Why Vector Search Alone Is Not Enough
Vector search has become the default retrieval method for RAG applications. The premise is elegant: convert documents and queries into high-dimensional embeddings, then find the closest matches in vector space. It captures semantic meaning, so a query about "automobile fuel efficiency" will match documents about "car miles per gallon" even though the words differ entirely.
But vector search has blind spots. It struggles with exact-match requirements — product codes, legal clause numbers, proper nouns, and technical identifiers that must be matched precisely. A vector embedding of "ISO 27001" will be semantically close to other security standards, but a user searching for that specific standard needs exact matches, not approximate ones. Vector search also tends to underperform on short, specific queries where the embedding does not capture enough context to disambiguate meaning.

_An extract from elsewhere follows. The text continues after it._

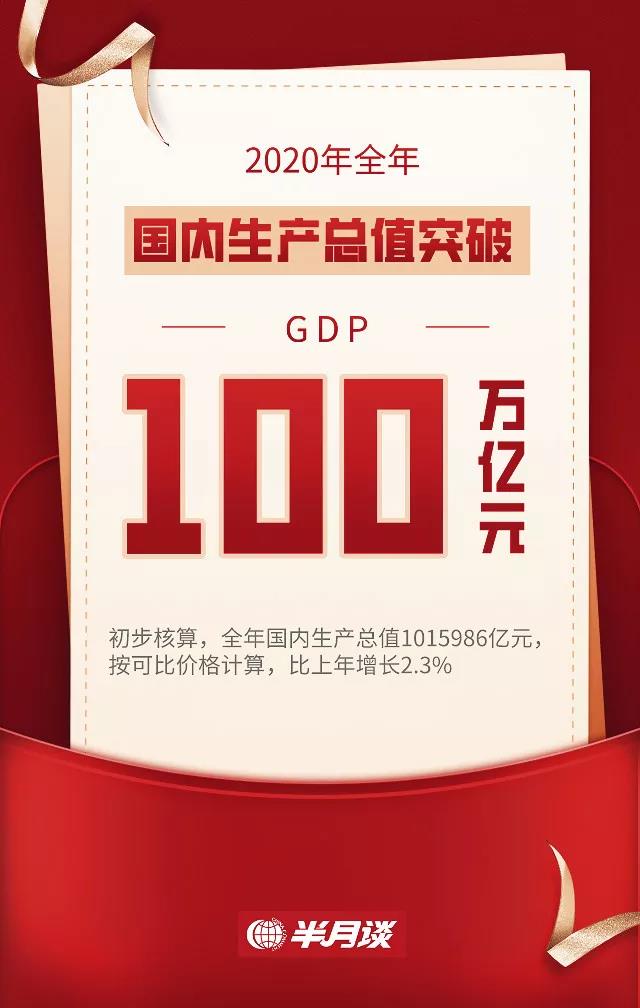我國(guó)GDP總量首次突破100萬(wàn)億元！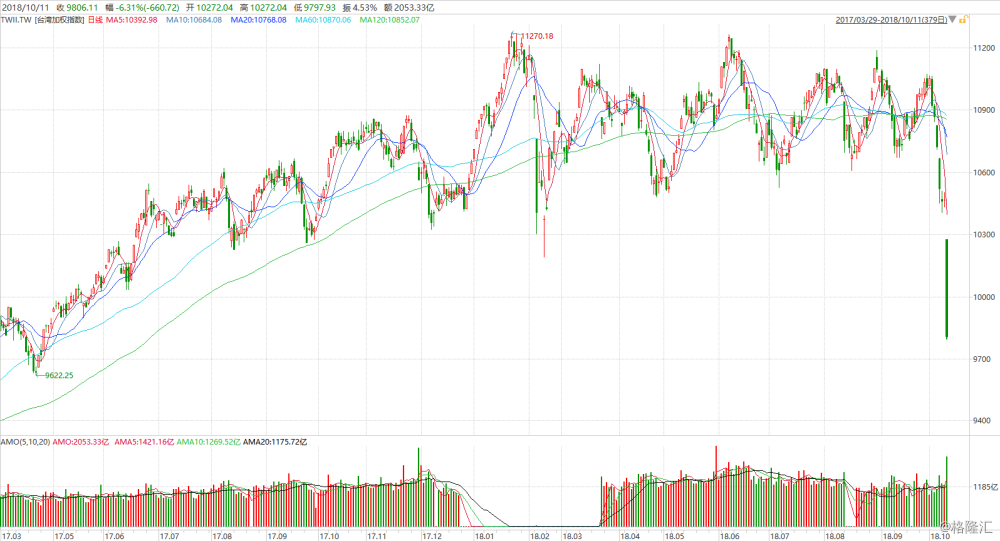 台湾加权股价指数下跌背后的市场分析与展望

The Enduring Strength of Keyword Search
Keyword search, built on algorithms like BM25 and TF-IDF, has powered information retrieval for decades. These methods excel at precisely what vector search struggles with: exact matching, handling rare terms, and performing well on short queries. When a user searches for a specific error code or a person's name, keyword search reliably surfaces the right documents because it matches tokens directly rather than relying on learned semantic representations.
The weakness of keyword search is equally well-known. It misses synonyms, cannot handle paraphrasing, and fails when the user's vocabulary differs from the document's vocabulary. A search for "heart attack treatment" will miss documents that only use "myocardial infarction management," even though they address the same topic.